- **TASK PROMPT**:
In the listing below, find the line containing "Now let us see" and the line containing "Next, we see", then copy exactly everything from the first through the second, except the pictures.

- **RECORDS FOR THE TASK**:
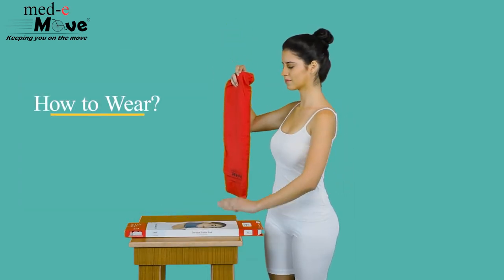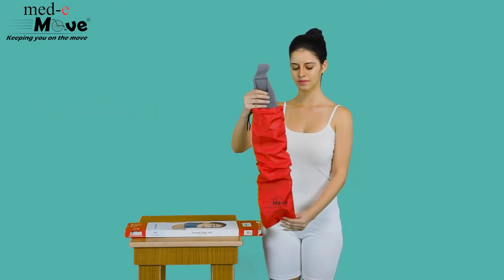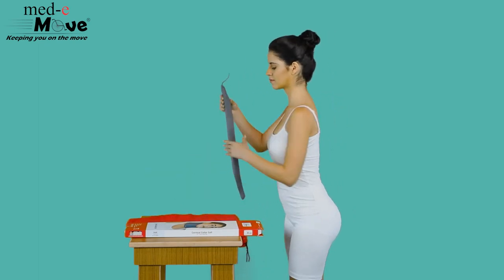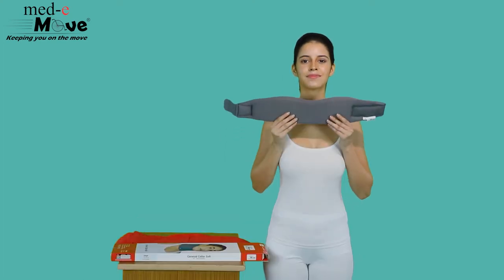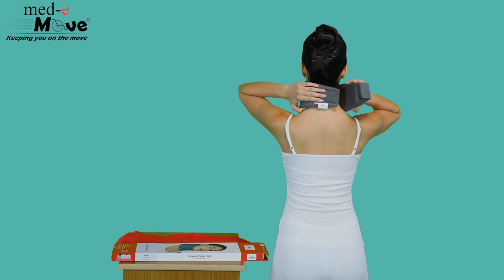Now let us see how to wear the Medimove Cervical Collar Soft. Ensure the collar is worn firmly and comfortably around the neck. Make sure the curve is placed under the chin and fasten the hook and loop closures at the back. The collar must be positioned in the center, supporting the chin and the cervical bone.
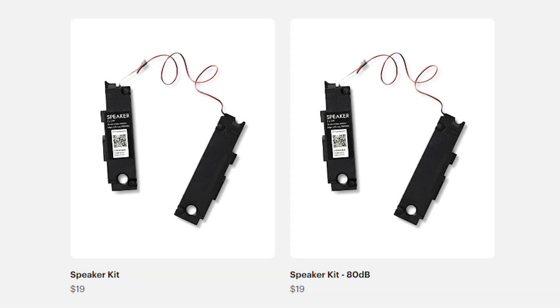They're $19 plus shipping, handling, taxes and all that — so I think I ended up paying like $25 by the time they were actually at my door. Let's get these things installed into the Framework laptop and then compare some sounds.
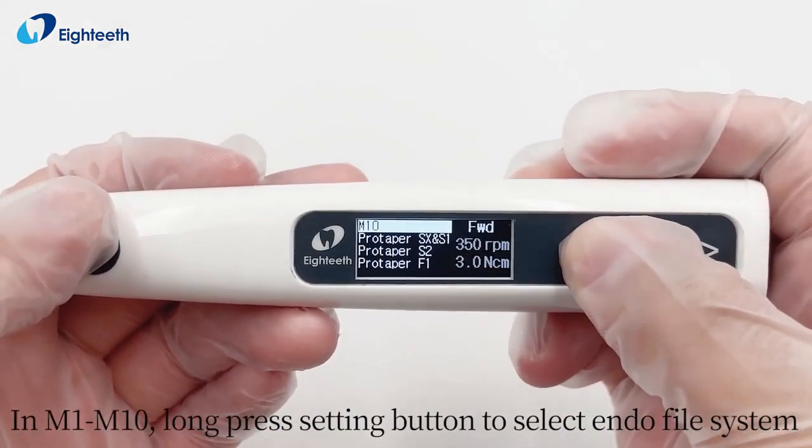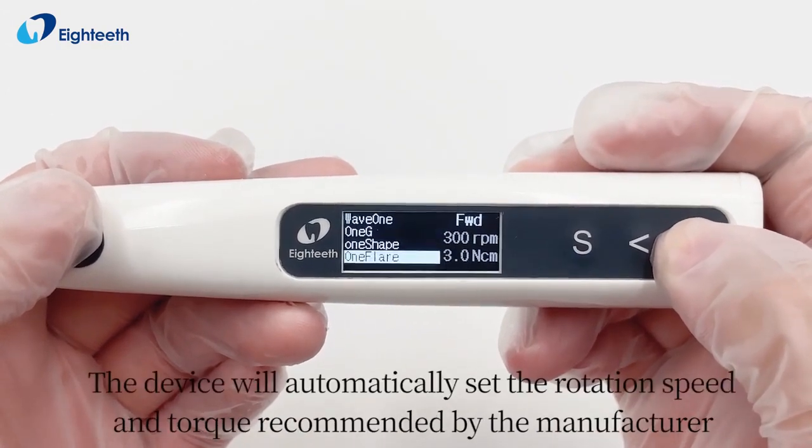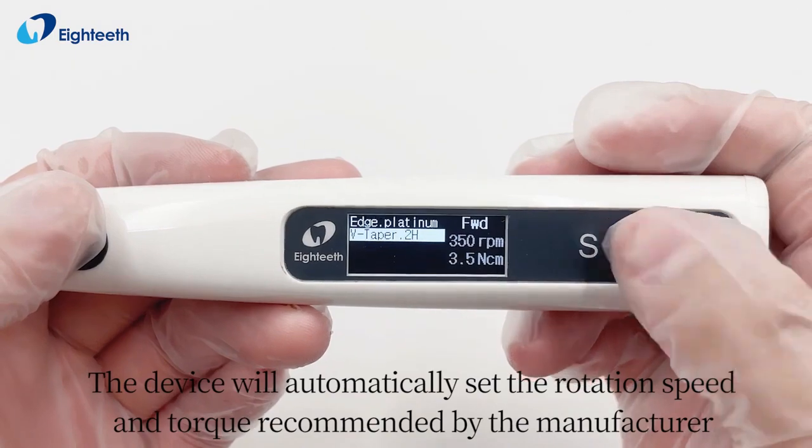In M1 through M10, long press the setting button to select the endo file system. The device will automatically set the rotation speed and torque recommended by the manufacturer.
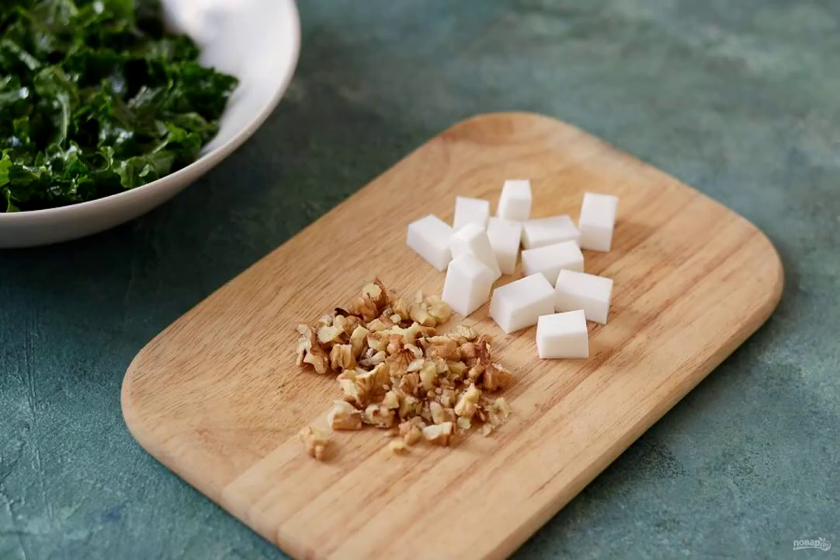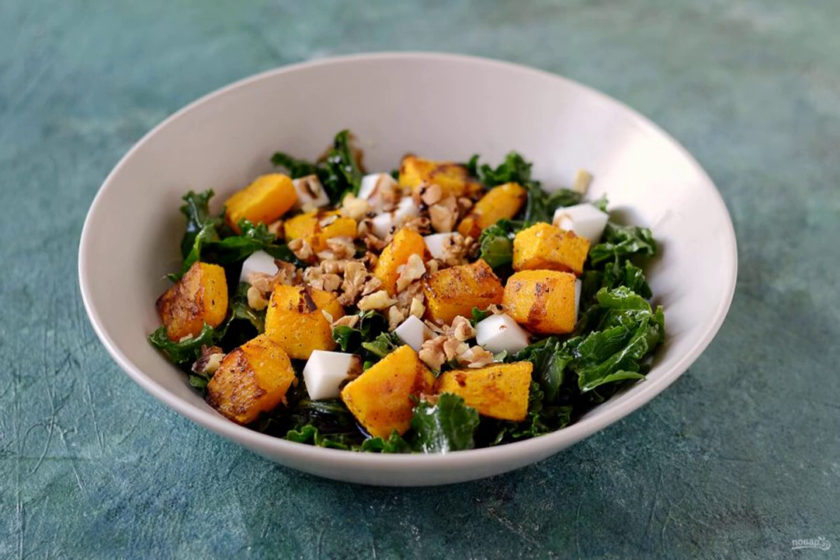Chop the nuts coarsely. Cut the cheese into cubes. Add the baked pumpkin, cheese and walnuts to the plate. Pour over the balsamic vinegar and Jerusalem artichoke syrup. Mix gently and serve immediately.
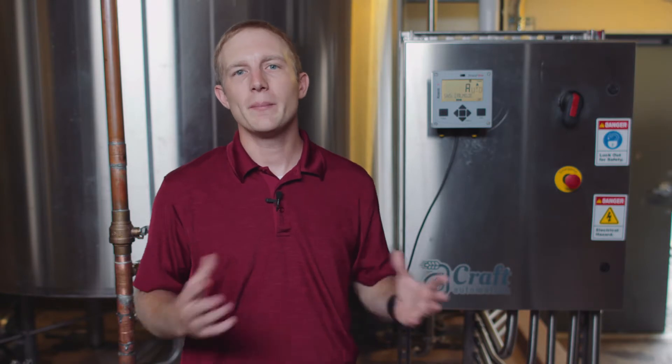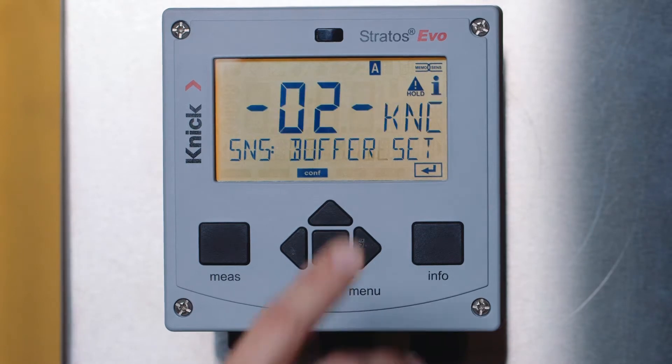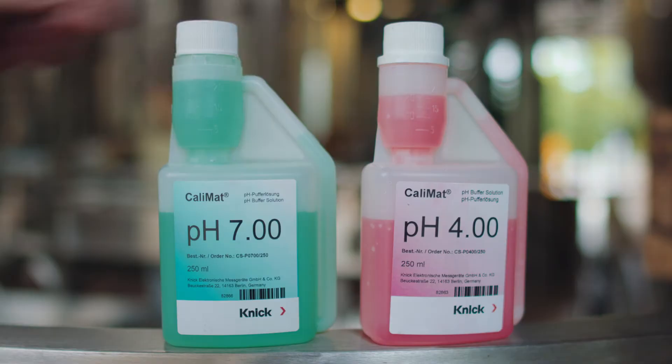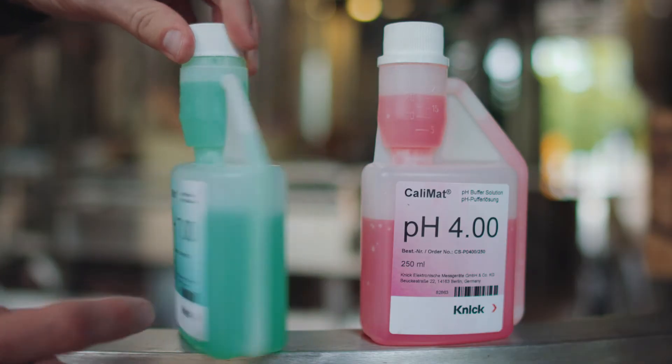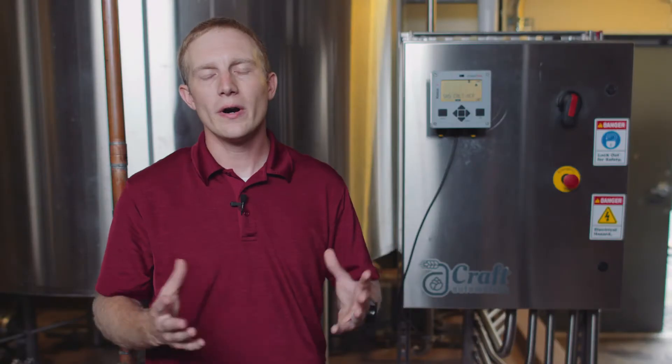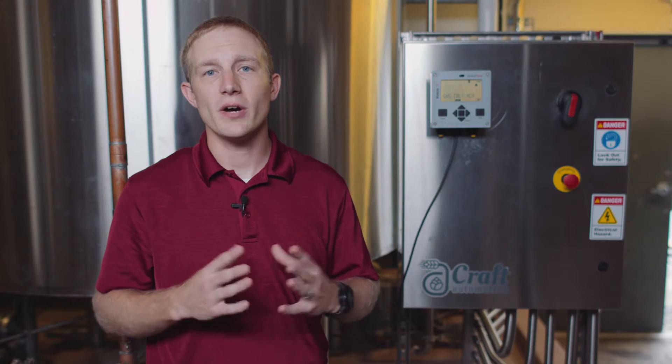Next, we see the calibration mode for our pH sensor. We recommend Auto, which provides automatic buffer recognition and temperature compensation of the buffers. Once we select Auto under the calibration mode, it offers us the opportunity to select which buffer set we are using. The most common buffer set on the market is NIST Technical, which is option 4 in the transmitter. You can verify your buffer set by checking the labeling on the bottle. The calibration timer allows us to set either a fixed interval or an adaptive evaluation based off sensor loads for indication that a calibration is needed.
---
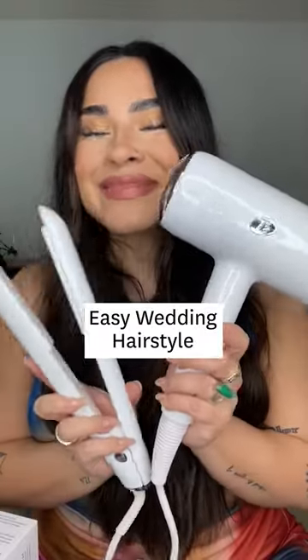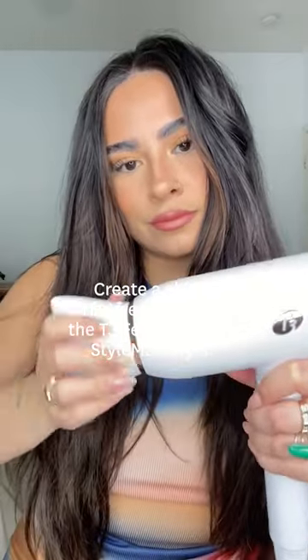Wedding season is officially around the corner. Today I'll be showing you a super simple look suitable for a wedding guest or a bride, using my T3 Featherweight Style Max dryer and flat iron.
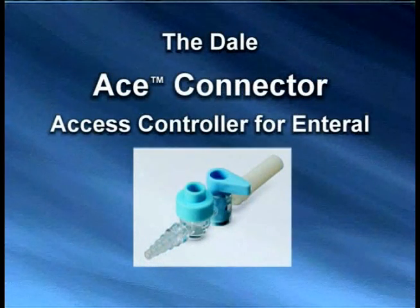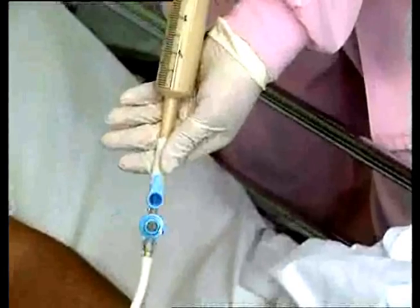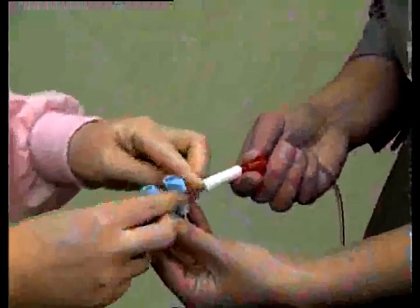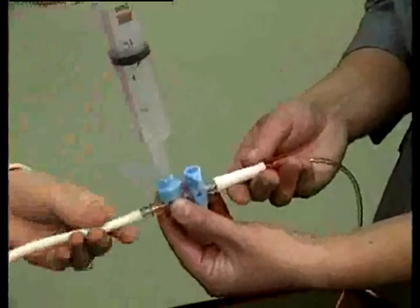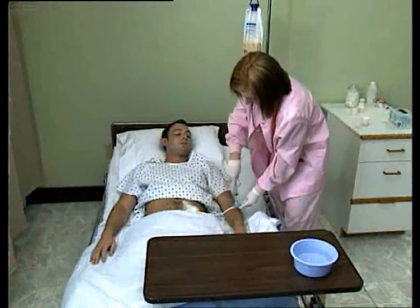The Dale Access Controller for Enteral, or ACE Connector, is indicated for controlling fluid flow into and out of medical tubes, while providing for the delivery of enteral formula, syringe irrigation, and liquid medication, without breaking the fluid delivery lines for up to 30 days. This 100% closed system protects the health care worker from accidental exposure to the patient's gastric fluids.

- **ANSWER AREA**:
Now let us see how to wear the Medimove Cervical Collar Soft. Ensure the collar is worn firmly and comfortably around the neck. Make sure the curve is placed under the chin and fasten the hook and loop closures at the back. The collar must be positioned in the center, supporting the chin and the cervical bone.
They're $19 plus shipping, handling, taxes and all that — so I think I ended up paying like $25 by the time they were actually at my door. Let's get these things installed into the Framework laptop and then compare some sounds.
In M1 through M10, long press the setting button to select the endo file system. The device will automatically set the rotation speed and torque recommended by the manufacturer.
Chop the nuts coarsely. Cut the cheese into cubes. Add the baked pumpkin, cheese and walnuts to the plate. Pour over the balsamic vinegar and Jerusalem artichoke syrup. Mix gently and serve immediately.
Next, we see the calibration mode for our pH sensor. We recommend Auto, which provides automatic buffer recognition and temperature compensation of the buffers. Once we select Auto under the calibration mode, it offers us the opportunity to select which buffer set we are using. The most common buffer set on the market is NIST Technical, which is option 4 in the transmitter. You can verify your buffer set by checking the labeling on the bottle. The calibration timer allows us to set either a fixed interval or an adaptive evaluation based off sensor loads for indication that a calibration is needed.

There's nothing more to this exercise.